A capital-gains tax cut would mainly benefit the very rich, who own most of the assets to which the tax applies. Congress' Joint Committee on Taxation has estimated that the highest-income 2 percent of the population generates three-fourths of all capital gains, and that figure could be low. A tax break for people in that bracket is unlikely to be quickly spent. If stimulus is the goal, a rebate for people at the lower end is far more likely to provide it. Such a policy has the virtue of being time-limited as well, not a permanent revenue loss that the government can't afford.
The administration has rightly called for national unity in dealing with last week's attack. Such unity requires, among much else, that neither party use the tragedy as a means of advancing unrelated policies. The capital-gains tax cut should be put back in the museum from which it came.

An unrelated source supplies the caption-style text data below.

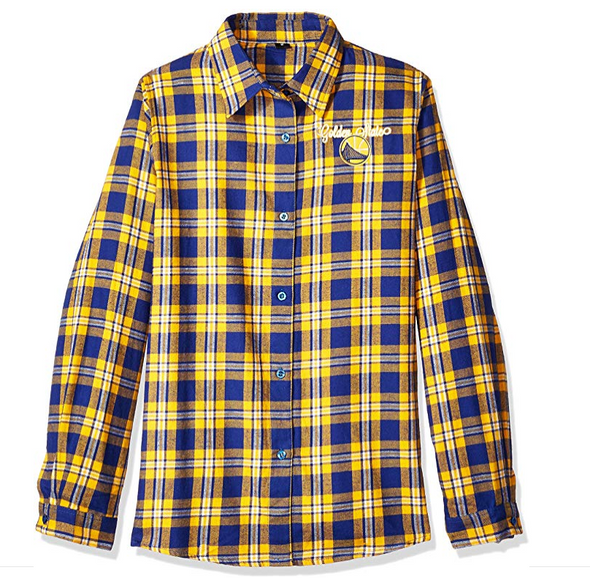FOCO NBA Women's Golden State Warriors 2016 Wordmark Basic Flannel Shirt
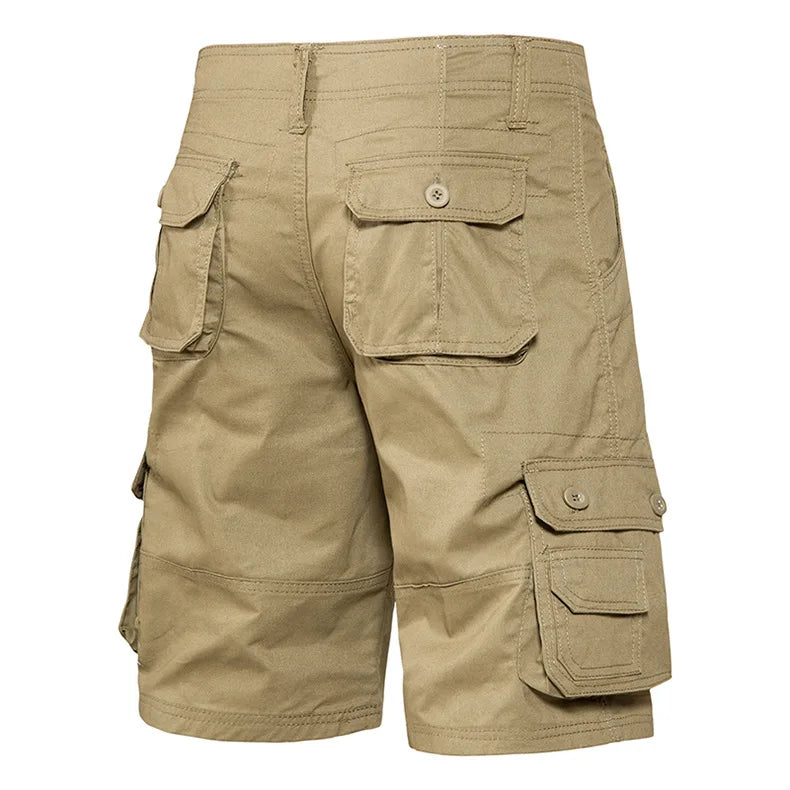 Men's Cotton Cargo Shorts - Multi Pocket Knee Length Summer Shorts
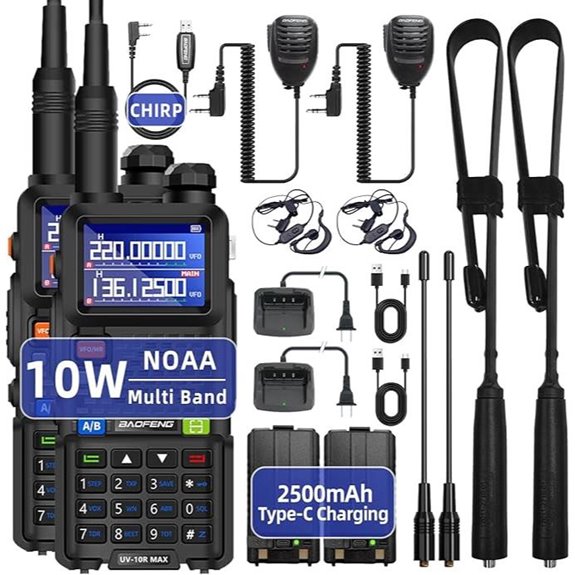 BAOFENG UV-10R MAX Tactical Ham Radios (2 Pack)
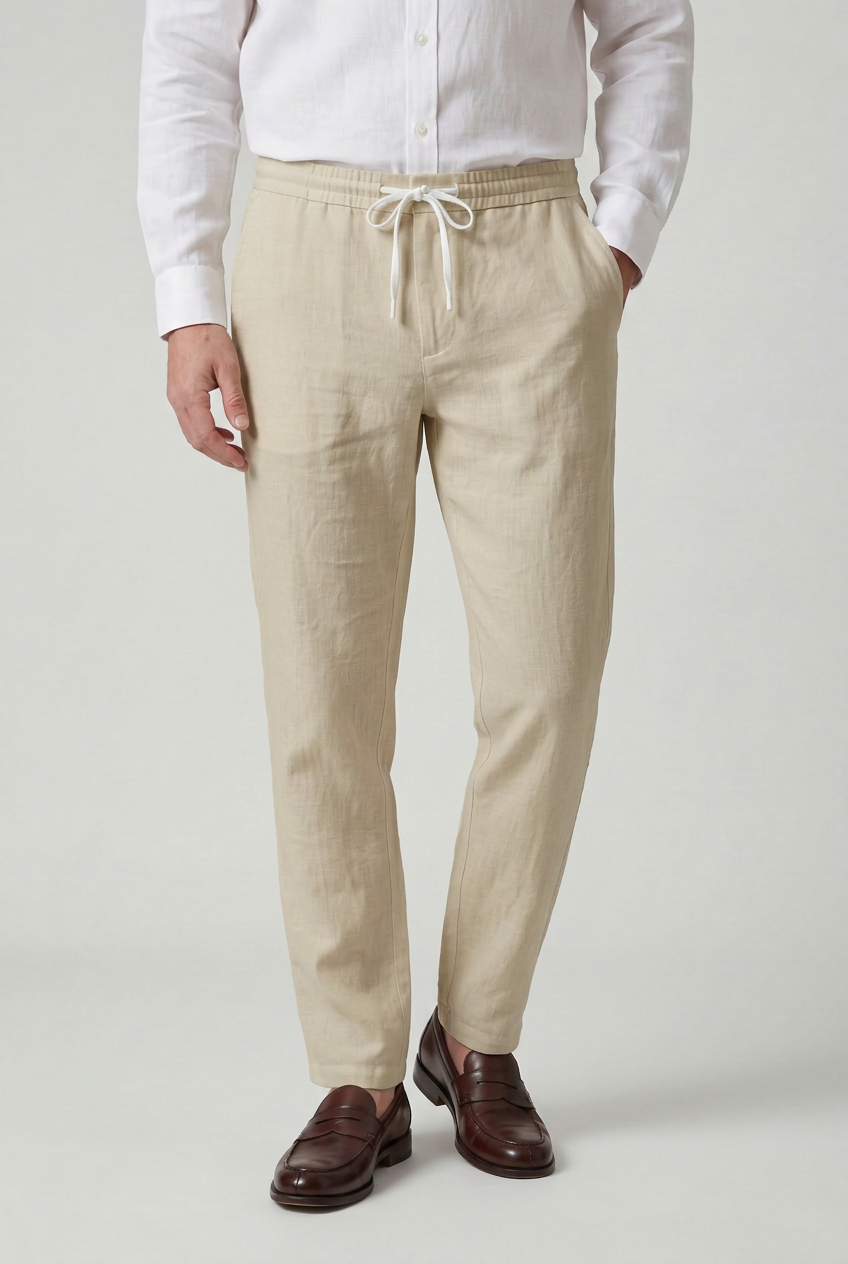 Men’s Trousers | Linen Look with Drawstring Waist - 4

Los Angeles Times: While most of America's attention was diverted to its national tragedy, the Senate managed to find the time to approve the controversial nomination of John D. Negroponte as the man Washington would send to the United Nations as ambassador. There can be no argument that the United States needs an active and highly visible presence at the United Nations at a time of international crisis. But serious questions can be raised as to whether Negroponte is that man.
His appointment could be the wrong message to send to the U.N., a world body whose support this country needs to help rally international opinion against terrorism. Negroponte, 61, has had a long and at times distinguished foreign service career, including stints as U.S. ambassador in key embassies in Latin America and Asia. But his tenure as ambassador to Honduras from 1981 to 1985 -- the height of the Reagan administration's covert war against Nicaragua -- was marred by deeply troubling allegations.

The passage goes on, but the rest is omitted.